But deer ticks transmit other diseases to humans as well, including anaplasmosis, babesiosis, and an emerging virus called Powassan. Cases of Powassan virus have risen dramatically in recent years in the United States, mostly in the Northeast and Great Lakes region.

Most people infected with Powassan do not experience symptoms, but for some, it can result in brain swelling and even death. There are currently no vaccines or treatments for Powassan virus infection. Prevention is primarily dependent on education and control.

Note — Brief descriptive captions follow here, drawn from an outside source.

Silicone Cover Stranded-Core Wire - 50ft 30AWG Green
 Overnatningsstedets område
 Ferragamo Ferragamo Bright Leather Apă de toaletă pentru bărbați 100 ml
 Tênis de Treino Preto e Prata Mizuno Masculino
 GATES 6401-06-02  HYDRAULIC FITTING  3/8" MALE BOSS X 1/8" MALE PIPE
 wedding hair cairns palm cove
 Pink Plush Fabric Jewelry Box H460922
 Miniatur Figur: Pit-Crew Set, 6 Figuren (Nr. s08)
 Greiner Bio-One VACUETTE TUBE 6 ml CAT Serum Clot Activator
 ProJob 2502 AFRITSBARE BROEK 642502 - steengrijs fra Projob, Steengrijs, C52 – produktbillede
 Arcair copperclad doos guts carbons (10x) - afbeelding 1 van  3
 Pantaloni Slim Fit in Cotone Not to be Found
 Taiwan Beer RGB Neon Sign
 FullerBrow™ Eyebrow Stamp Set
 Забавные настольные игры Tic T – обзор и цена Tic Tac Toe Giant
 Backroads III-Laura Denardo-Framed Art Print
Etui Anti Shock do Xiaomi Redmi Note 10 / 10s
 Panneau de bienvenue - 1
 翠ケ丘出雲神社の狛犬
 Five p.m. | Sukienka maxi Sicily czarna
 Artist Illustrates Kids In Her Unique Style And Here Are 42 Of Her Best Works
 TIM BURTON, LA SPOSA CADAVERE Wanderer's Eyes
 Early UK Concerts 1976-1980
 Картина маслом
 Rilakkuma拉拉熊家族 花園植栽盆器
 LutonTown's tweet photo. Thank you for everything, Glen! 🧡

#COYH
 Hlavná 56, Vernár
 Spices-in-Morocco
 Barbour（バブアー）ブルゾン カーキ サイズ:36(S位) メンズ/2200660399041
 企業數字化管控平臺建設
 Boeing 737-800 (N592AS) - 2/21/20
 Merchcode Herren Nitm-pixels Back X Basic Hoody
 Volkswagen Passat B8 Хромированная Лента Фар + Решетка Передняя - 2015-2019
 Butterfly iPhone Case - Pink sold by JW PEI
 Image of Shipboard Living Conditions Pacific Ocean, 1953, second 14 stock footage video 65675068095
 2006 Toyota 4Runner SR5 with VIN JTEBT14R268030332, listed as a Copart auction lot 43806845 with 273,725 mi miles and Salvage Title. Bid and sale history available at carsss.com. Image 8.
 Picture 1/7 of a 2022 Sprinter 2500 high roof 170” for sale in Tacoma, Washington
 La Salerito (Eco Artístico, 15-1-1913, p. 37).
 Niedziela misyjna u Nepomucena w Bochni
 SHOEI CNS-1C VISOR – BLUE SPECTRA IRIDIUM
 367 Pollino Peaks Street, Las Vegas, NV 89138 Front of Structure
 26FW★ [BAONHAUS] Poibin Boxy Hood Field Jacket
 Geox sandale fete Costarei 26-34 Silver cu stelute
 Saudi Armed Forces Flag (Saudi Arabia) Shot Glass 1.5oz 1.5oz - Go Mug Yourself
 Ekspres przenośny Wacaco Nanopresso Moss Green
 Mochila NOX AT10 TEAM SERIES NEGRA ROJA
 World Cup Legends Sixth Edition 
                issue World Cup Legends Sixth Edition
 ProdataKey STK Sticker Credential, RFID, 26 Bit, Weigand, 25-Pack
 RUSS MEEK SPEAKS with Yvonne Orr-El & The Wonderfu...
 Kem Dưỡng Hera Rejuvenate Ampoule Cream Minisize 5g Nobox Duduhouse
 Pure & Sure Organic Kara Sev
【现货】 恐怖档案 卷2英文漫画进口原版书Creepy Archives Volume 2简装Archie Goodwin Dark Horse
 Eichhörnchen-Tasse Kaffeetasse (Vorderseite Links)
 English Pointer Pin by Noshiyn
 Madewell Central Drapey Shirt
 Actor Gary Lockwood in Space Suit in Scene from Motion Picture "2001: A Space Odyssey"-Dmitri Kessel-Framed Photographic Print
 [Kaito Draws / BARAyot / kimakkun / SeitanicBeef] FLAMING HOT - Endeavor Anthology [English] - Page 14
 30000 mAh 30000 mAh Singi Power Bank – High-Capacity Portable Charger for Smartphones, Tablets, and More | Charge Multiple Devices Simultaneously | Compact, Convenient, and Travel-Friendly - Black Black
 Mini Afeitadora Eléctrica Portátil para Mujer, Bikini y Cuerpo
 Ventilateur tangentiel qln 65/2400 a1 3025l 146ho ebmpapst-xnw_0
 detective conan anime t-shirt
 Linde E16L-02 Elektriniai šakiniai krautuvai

In a new study, researchers at the Yale School of Public Health provide insights into the transmission dynamics of the Powassan virus that could help focus public health efforts and limit infections. The study found that the virus appears to be highly localized in its spread, meaning that the virus is maintained in scattered local hotspots with very limited mixing between hotspot sites.

“It’s incredibly important to do surveillance to know what’s out there,” said Chantal Vogels, a research scientist in the Department of Epidemiology of Microbial Diseases at the Yale School of Public Health (YSPH) and a co-first author of the study.

By greatly expanding on what little genomic information scientists had before our study, Vogels said, “we were able to explore patterns of transmission and spread and unravel the ecology of the virus.”

Mapping viral spread

The team studied 279 samples of Powassan virus lineage 2 found in deer ticks (Ixodes scapularis, also called black-legged ticks) collected in Connecticut, New York, and Maine between 2008 and 2019.

By deciphering and comparing the virus’s complete genetic codes, or genomes, the researchers reconstructed the history of Powassan in the region. They estimated when branches of the virus’s “family tree” diverged and pieced together how the virus evolved and where it traveled via its hosts.

It’s incredibly important to do surveillance to know what’s out there.

Chantal Vogels, research scientist, Yale School of Public Health

Sometime between 1940 and 1975, a major branch of the lineage 2 virus appeared in the Northeast. This branch of the virus, which accounts for most Powassan cases in North America, first appeared in southern New York State and Connecticut. Then, several long-distance jumps occurred, likely when infected ticks caught rides on migrating birds or other vertebrate hosts. By 1991, it had reached Maine. During its initial decades in the region, Powassan became more populous in the wild, but this probably leveled off about 2005.

The virus now appears to be moving slowly or staying put, simmering in specific hotspots, and evolving independently in each one. For instance, the scientists could find no evidence that separate clades of the virus were mingling with each other across a 20-kilometer (or approximately 12.5 miles) stretch between two Connecticut sites. The scientists note, however, that they sampled only a limited number of locations, so it’s possible they missed hotspots.

Still, this new information could help health officials to target those hotspots, where Powassan is more likely to spill over into humans, for education and eradication efforts.

“If it’s anything like [the related] tick-borne encephalitis virus, [previous researchers have] estimated that these foci are typically about the size of a football field,” said Doug Brackney, a researcher in the Department of Entomology at The Connecticut Agricultural Experiment Station, and an assistant clinical professor in the Department of Epidemiology of Microbial Diseases at YSPH.

A quiet menace

Researchers first identified the virus in 1958 in a five-year-old boy from Powassan, Ontario, who developed severe encephalitis and died. After that, about one case per year was diagnosed until 2006. Then cases began to climb, and since the late 2010s dozens of diagnoses have been made nearly every year.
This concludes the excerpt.